In November 2020, California voters rejected a $10 billion business-tax hike, showing understandable concern about tax increases during an economic downturn. Since then, tax revenues have surged at the fastest rate in four decades, giving the state a $31 billion budget surplus.
One might think that this good fortune would negate the need to raise taxes, but some California lawmakers see things differently. Apparently believing that the 2020 tax referendum failed for a lack of boldness, assembly members Ash Kalra and Alex Lee have proposed Assembly Constitutional Amendment No. 11 to raise annual taxes by $163 billion per year. The package would nearly double California’s tax burden to fund CalCare, a universal health-care program. Setting aside California’s governance weaknesses, the proposal is a poor fit for the new era of interstate tax competition.
California’s current top marginal tax rate is 13.3 percent, the highest in the U.S. The new proposal would add to that burden, generating $31.5 billion through a pair of payroll taxes: one on firms with 50 employees, and the other on employees earning $49,900 or more. Income surtaxes would begin at $149,509 in earnings and generate another $23.4 billion with progressive rates. The result would be a preposterous income tax code, with 18 rate brackets ranging from 2.25 percent to 18.05 percent.
The real money grab is the proposed 2.3 percent excise tax on business gross receipts beyond $2 million, which would generate $108.1 billion in new taxes annually. Gross-receipts taxes hit production cycles multiple times, bringing in tremendous revenues with low rates. Rather than taxing business profits (which California already does), a gross-receipts tax raises revenue from both profitable and unprofitable businesses.
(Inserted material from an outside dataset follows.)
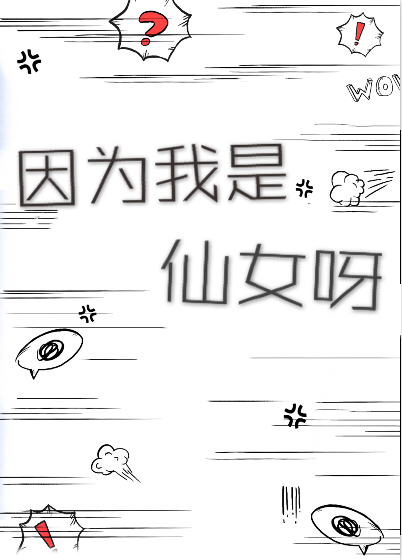 新开千年游戏发布网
Inevitably, some low-profit businesses, such as retailers and grocers, would pay more taxes than high-margin, high-profit businesses.
Californians should be skeptical that a government that has fostered homelessness, out-of-control housing costs, rising crime, and energy shortages can deliver universal, high-quality health care. The California Assembly passed the healthcare spending portion of this package out of committee on January 20, and has until January 31 to pass the bill before the entire Assembly. So suppose the state does manage to enact this gargantuan tax-and-spend program. The state’s tax competitiveness, which the Tax Foundation currently ranks 48th, would move from bad to even worse—and drive away the taxpayers the program depends upon.
Two recent changes make state tax competitiveness more important than ever. First is the federal cap on state and local tax deductions imposed by the 2017 Tax Cuts and Jobs Act. Though Democrats hope to reverse this change, Californians, for now, must pay full freight for their state’s spending programs. Second is the rise of remote work, allowing more workers to live where they choose.
Census migration data show that Americans are moving out of such high-tax states as California, New York, and Illinois and into low-tax jurisdictions. California lost 262,000 residents in 2021, more than any other state besides New York. In contrast, Florida, Texas, Arizona, and North Carolina have seen torrid population growth and inbound moves. Florida and Texas levy no individual income tax. And all four states enhanced their tax competitiveness in 2021: Florida began phasing out its quirky sales tax on commercial rent, Texas enacted a broad spending limit that will lead to tax cuts, Arizona slashed income taxes for businesses and individuals, and North Carolina enacted a massive bipartisan tax reform that will eliminate its corporate income tax and cut personal rates from 5.25 percent to 3.99 percent.
Even if it stands still, California will continue to lose innovators and middle-class residents to states proactively improving their cost structures. U-Haul couldn’t meet demand for all the people leaving California last year. The California Taxpayers Association points out that the revenue estimates for this new proposal don’t consider the inevitable losses to outmigration.
California’s tax-and-spend programs are destined to fail. Competitive Sun Belt states are siphoning off taxpayers and businesses, depriving California of the full revenue of its tax designs. Yet state competition lets policymakers learn from their mistakes and suggests remedies. Nowhere is such competition more needed than in the Golden State.